## About this exercise
Using the data below, reproduce exactly the lines from the line with "Olea - Castelluzzo - 2" to the line with "A cat sitting on a green field", both included; pictures must be dropped.

## Material shown
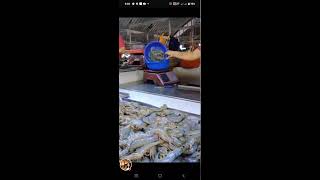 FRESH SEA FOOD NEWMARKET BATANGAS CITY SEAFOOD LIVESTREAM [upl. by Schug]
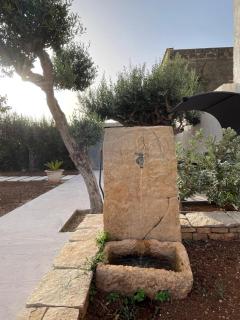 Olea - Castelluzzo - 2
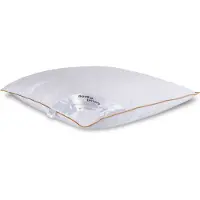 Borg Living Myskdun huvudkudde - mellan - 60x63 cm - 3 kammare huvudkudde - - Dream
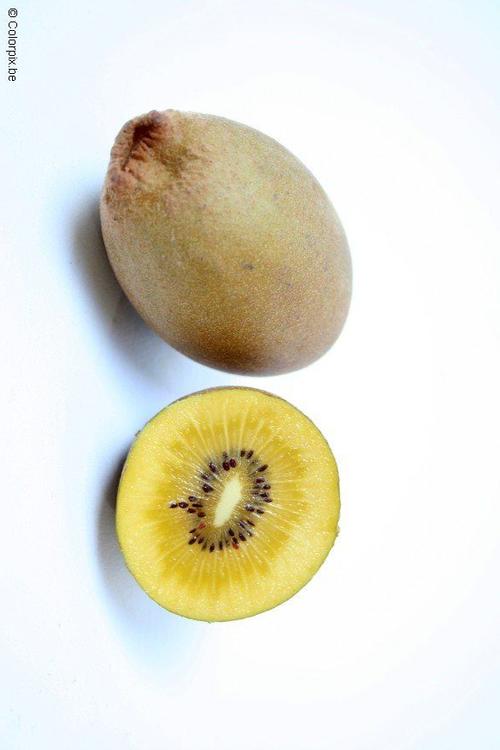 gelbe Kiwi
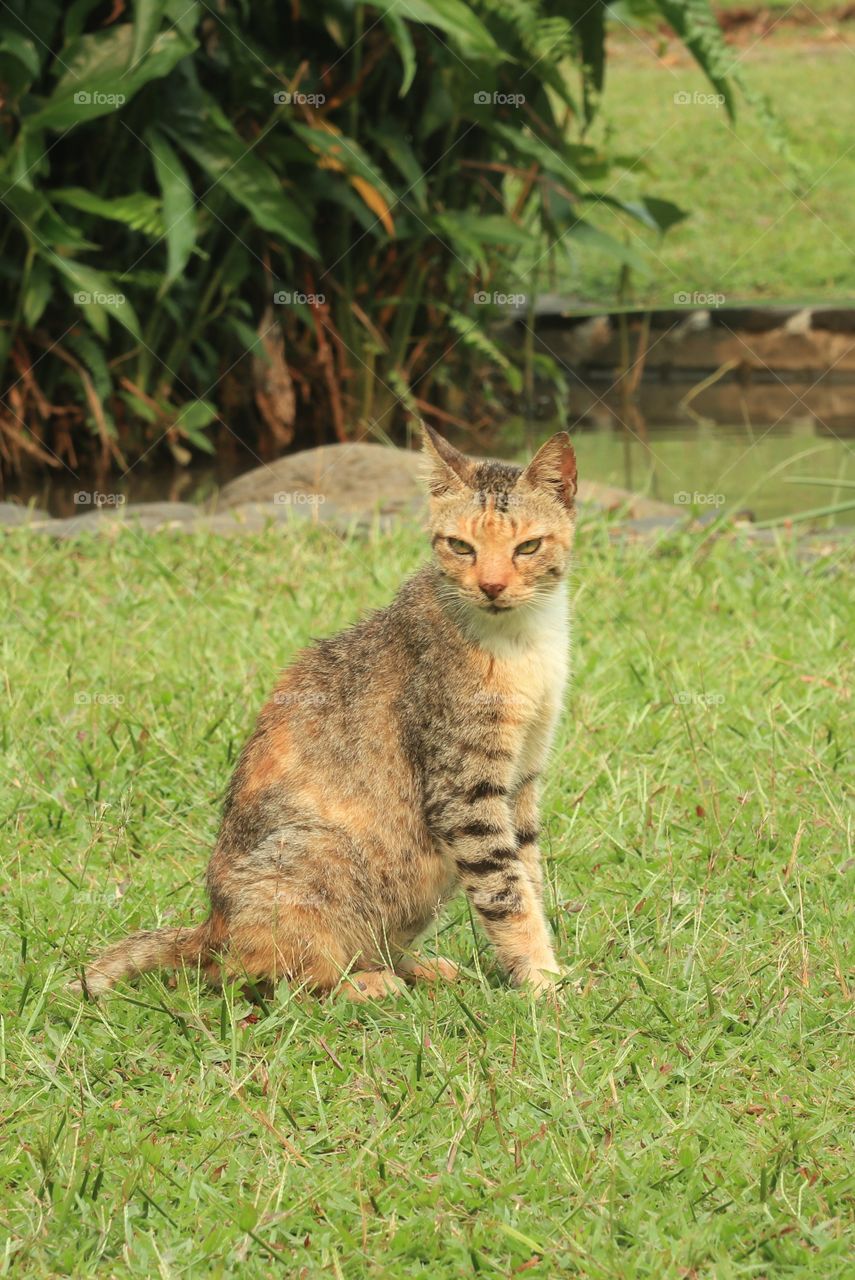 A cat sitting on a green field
--
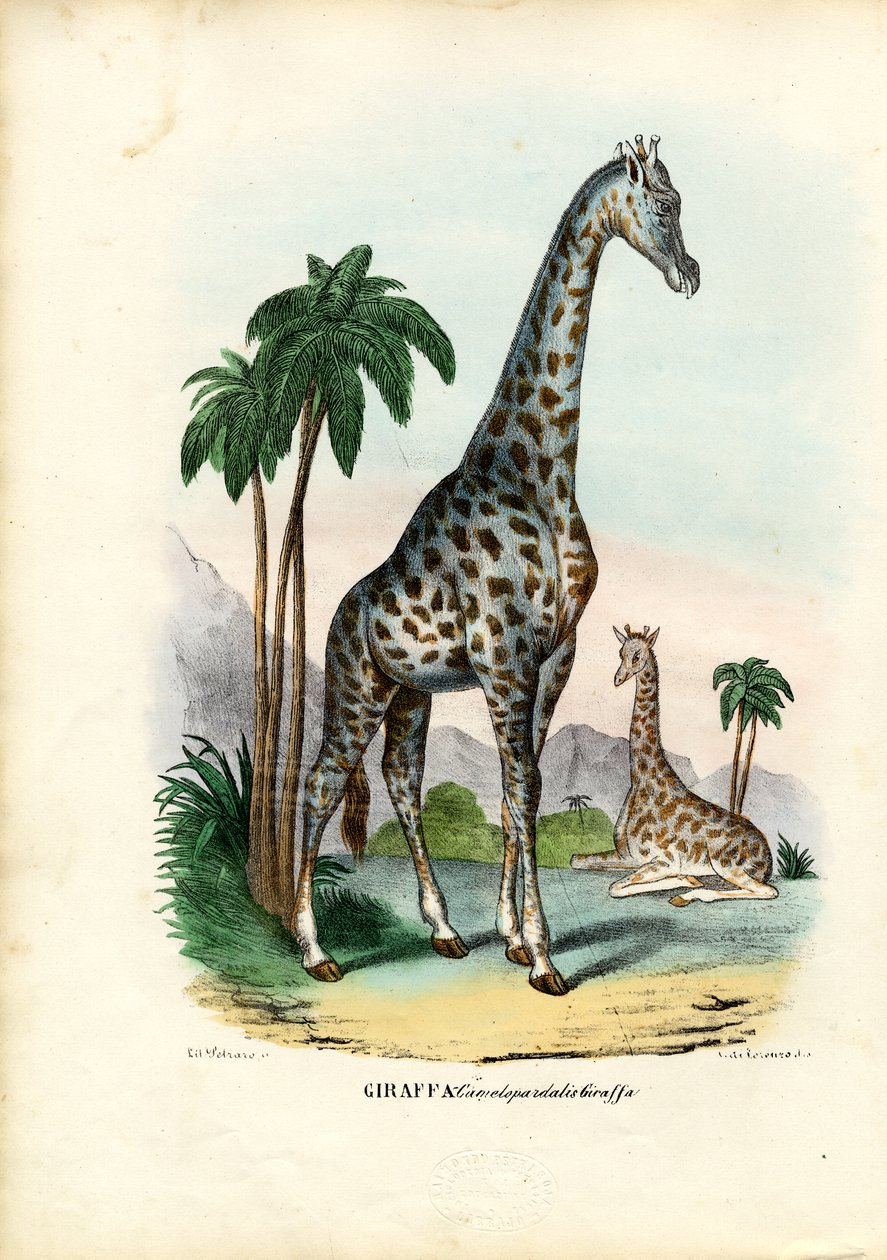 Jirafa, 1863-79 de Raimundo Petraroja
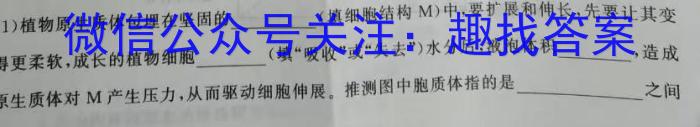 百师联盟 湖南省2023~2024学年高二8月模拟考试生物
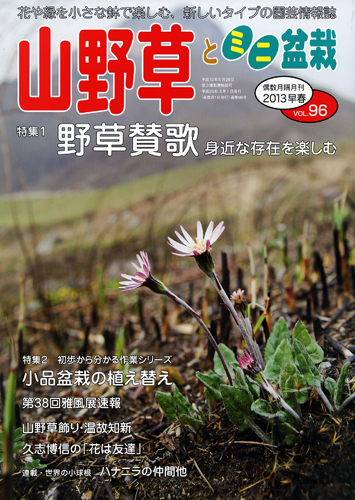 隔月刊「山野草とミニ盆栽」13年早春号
* * *
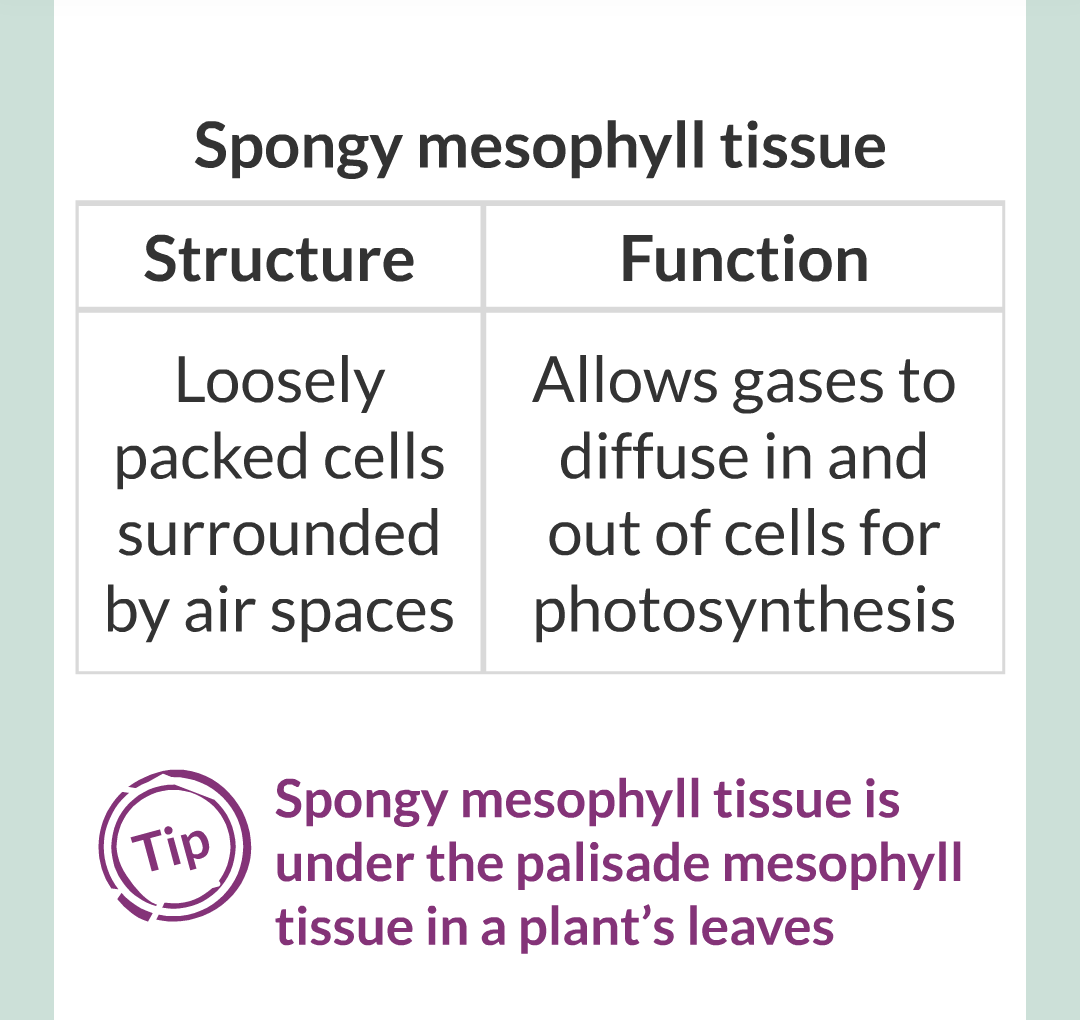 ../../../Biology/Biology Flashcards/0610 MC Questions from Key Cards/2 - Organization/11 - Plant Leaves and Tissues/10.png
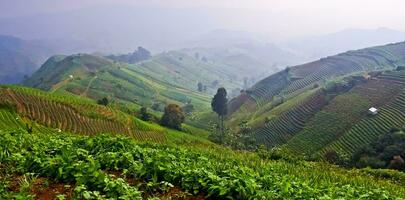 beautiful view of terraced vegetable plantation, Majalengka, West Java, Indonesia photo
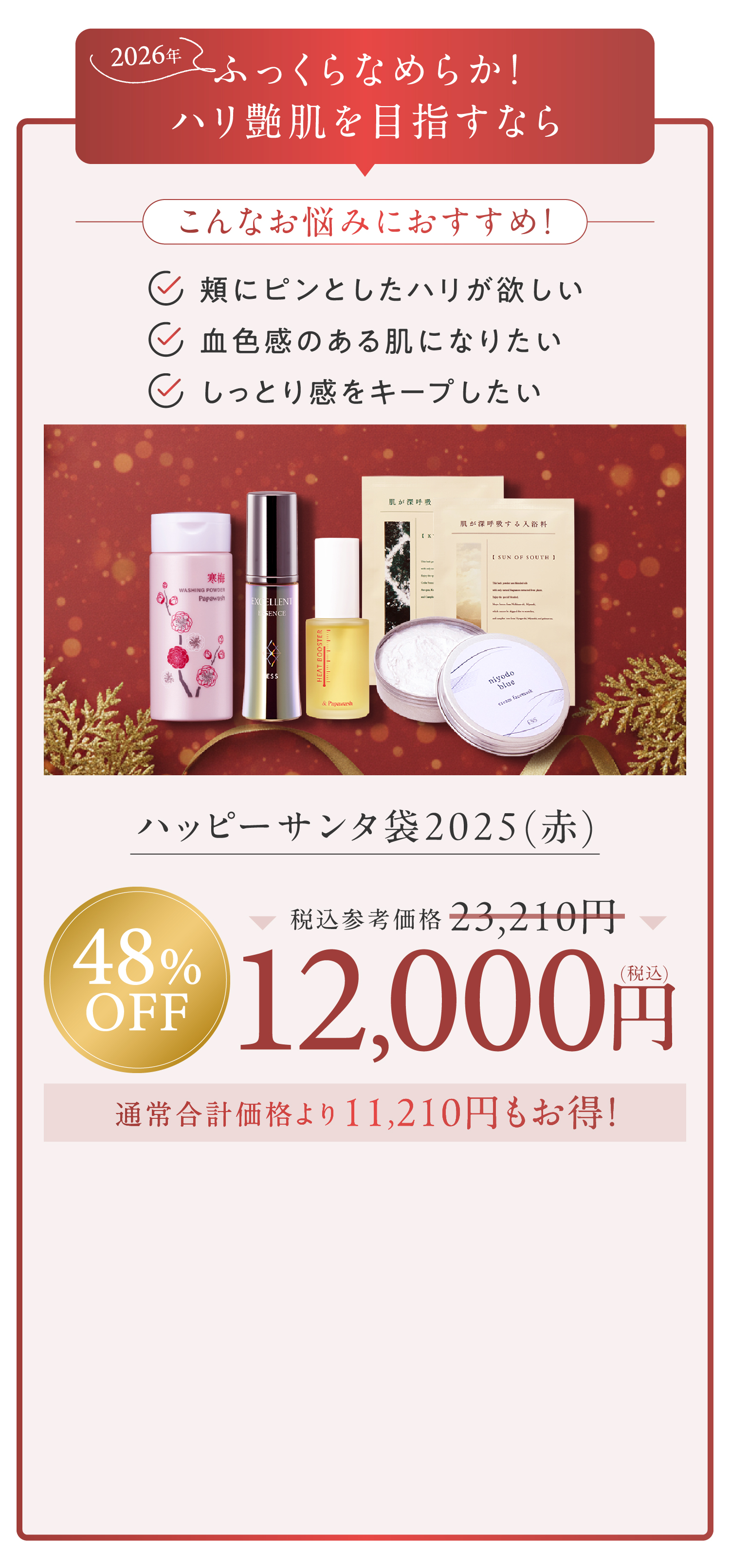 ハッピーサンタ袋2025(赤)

## Response to this exercise
 Olea - Castelluzzo - 2
 Borg Living Myskdun huvudkudde - mellan - 60x63 cm - 3 kammare huvudkudde - - Dream
 gelbe Kiwi
 A cat sitting on a green field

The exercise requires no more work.